- [EXERCISE DESCRIPTION]: A precise reproduction of every record below is needed, minus the pictures.

- [Records from a collection]:
========================================
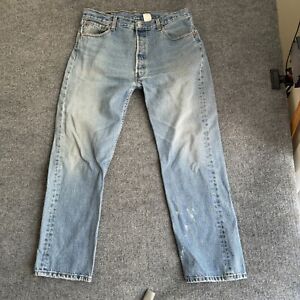 Vintage Levis Jeans Mens 34x29 501 XX Straight Leg Button Fly Light Wash Denim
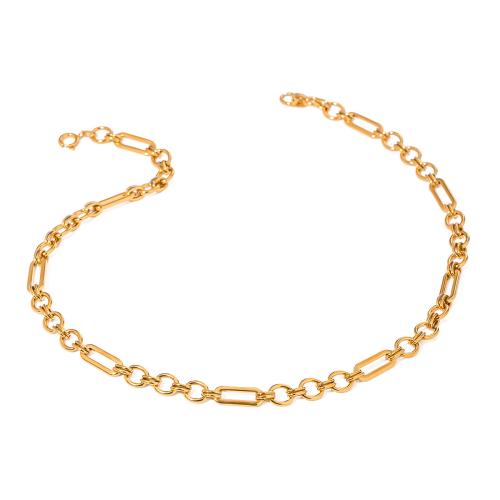 Stainless Steel Chain Necklace, 304 Stainless Steel, gold color plated, fashion jewelry, golden [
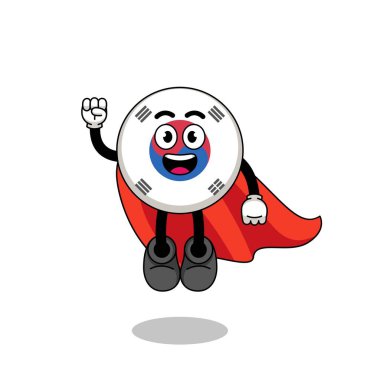 south korea flag cartoon with flying superhero , character design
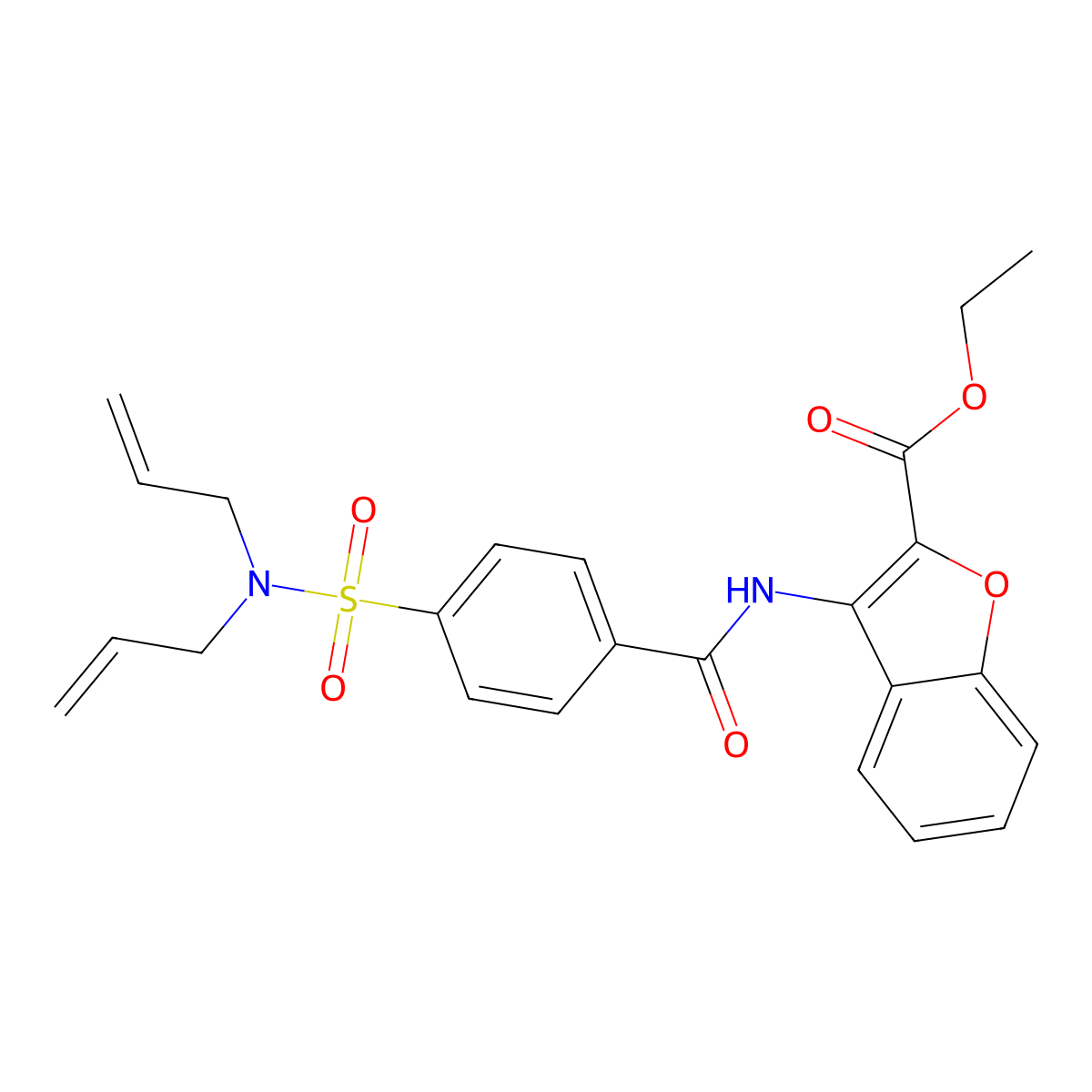 ethyl 3-(4-(N,N-diallylsulfamoyl)benzamido)benzofuran-2-carboxylate molecular structure, CAS 477499-18-6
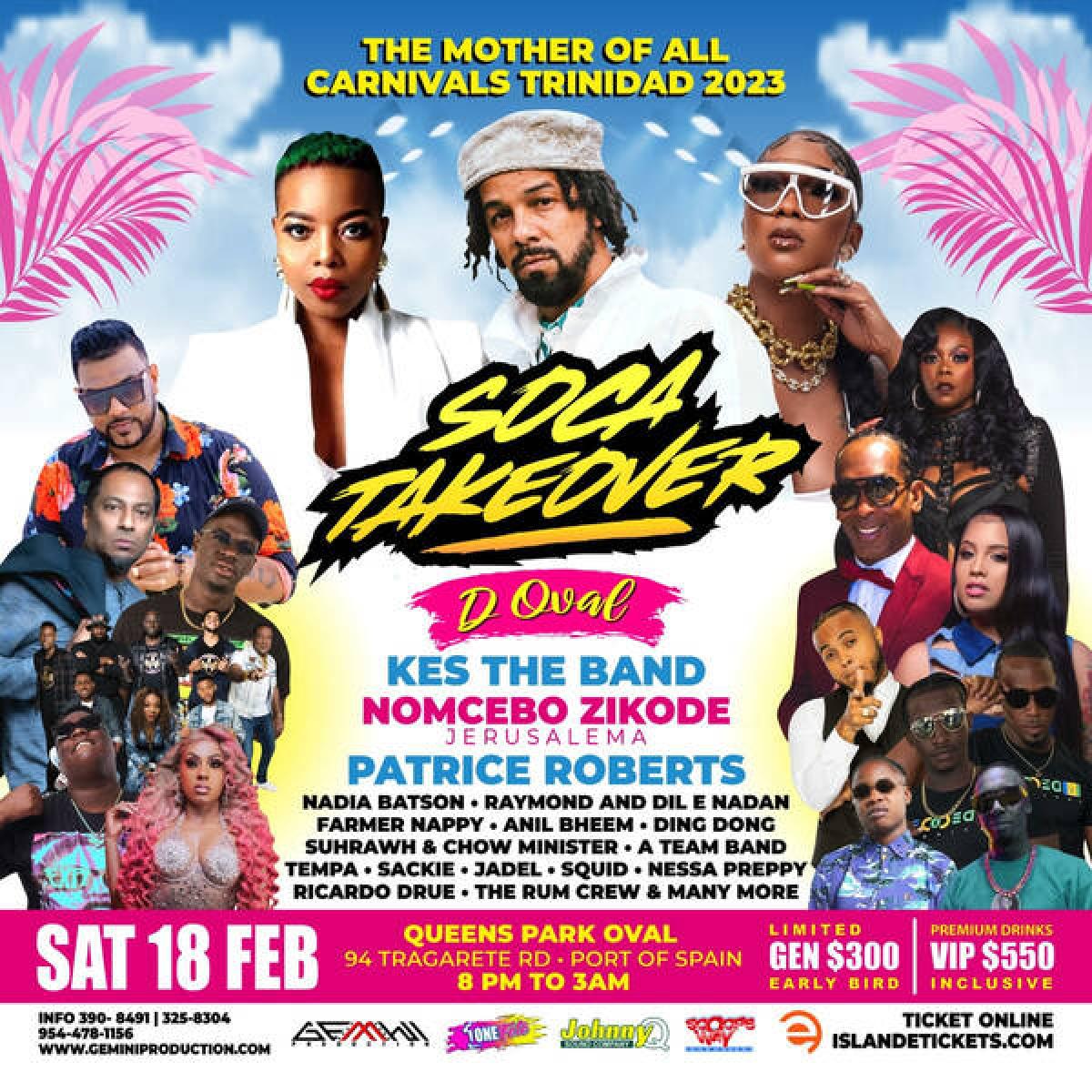 Soca Takeover flyer or graphic.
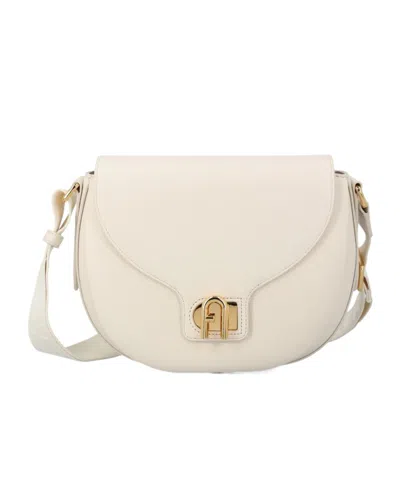 Furla Small Lotus Cross Body Bag In White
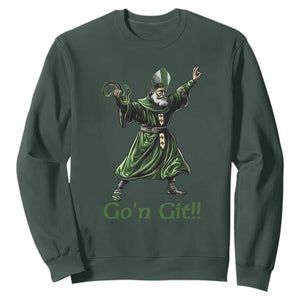 Funny St Patrick's Day Sweatshirt Go'n Git Saint Patrick Snake TS11 Dark Forest Green Print Your Wear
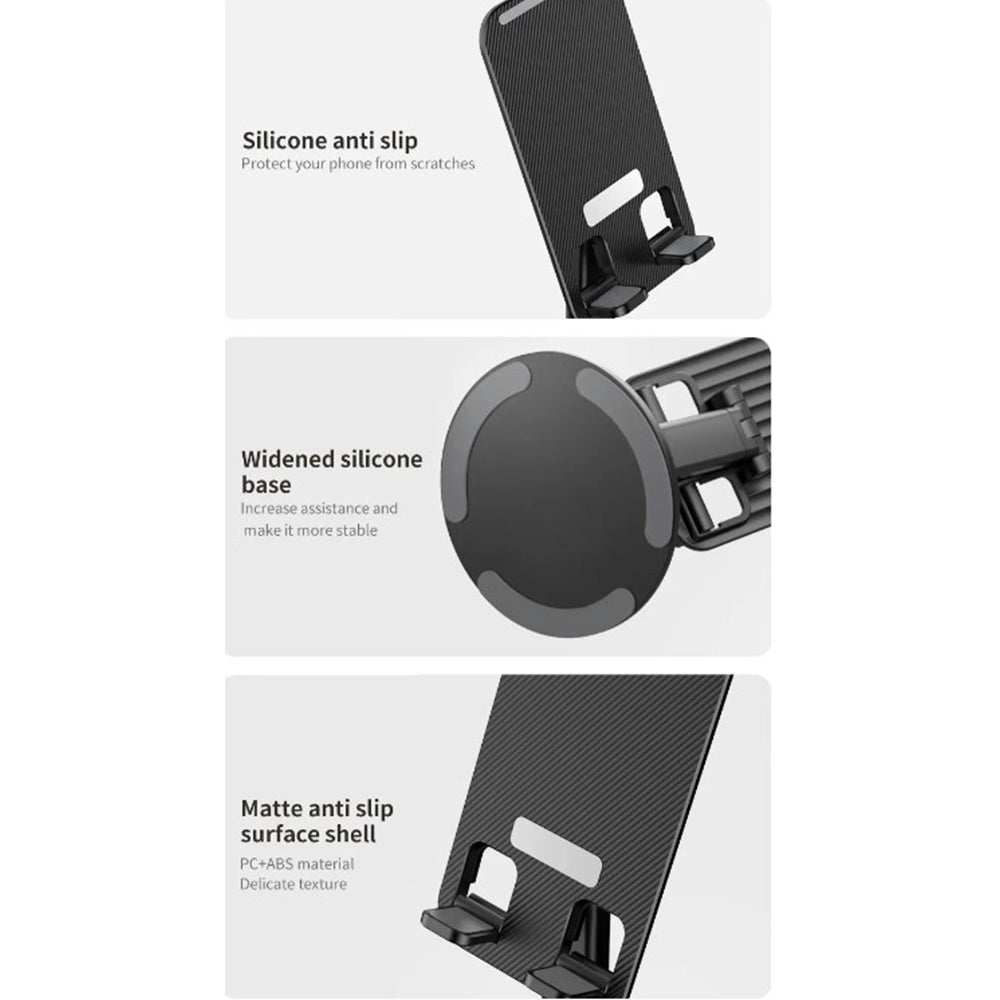 ALOGY Mobile Tablet Holder DP Stand 360 Rotatable base Desktop Telescopic Folding Stable Anti Fall Creative
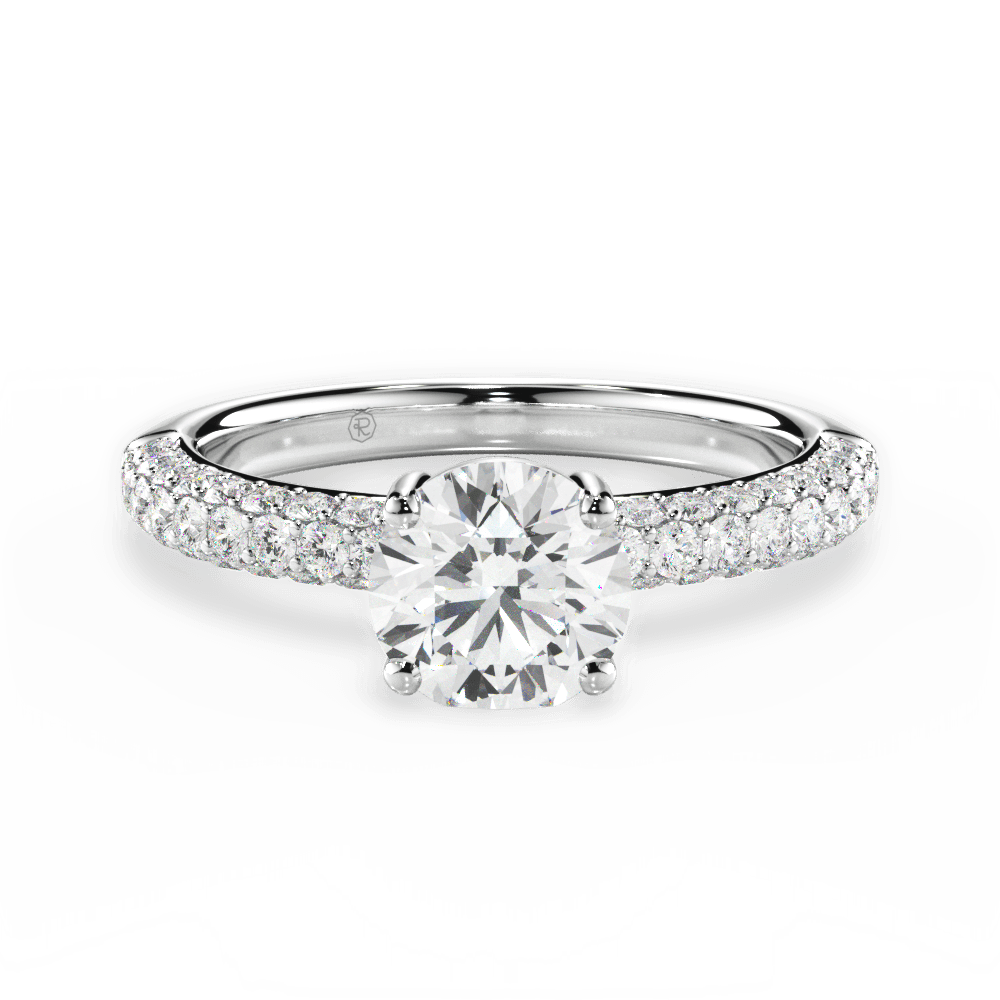 Kylie Round Cut Lab Grown Diamond 18Kt White Gold Engagement Ring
========================================
- [RESULT OF THIS TASK]:
 Vintage Levis Jeans Mens 34x29 501 XX Straight Leg Button Fly Light Wash Denim
 Stainless Steel Chain Necklace, 304 Stainless Steel, gold color plated, fashion jewelry, golden [
 south korea flag cartoon with flying superhero , character design
 ethyl 3-(4-(N,N-diallylsulfamoyl)benzamido)benzofuran-2-carboxylate molecular structure, CAS 477499-18-6
 Soca Takeover flyer or graphic.
 Furla Small Lotus Cross Body Bag In White
 Funny St Patrick's Day Sweatshirt Go'n Git Saint Patrick Snake TS11 Dark Forest Green Print Your Wear
 ALOGY Mobile Tablet Holder DP Stand 360 Rotatable base Desktop Telescopic Folding Stable Anti Fall Creative
 Kylie Round Cut Lab Grown Diamond 18Kt White Gold Engagement Ring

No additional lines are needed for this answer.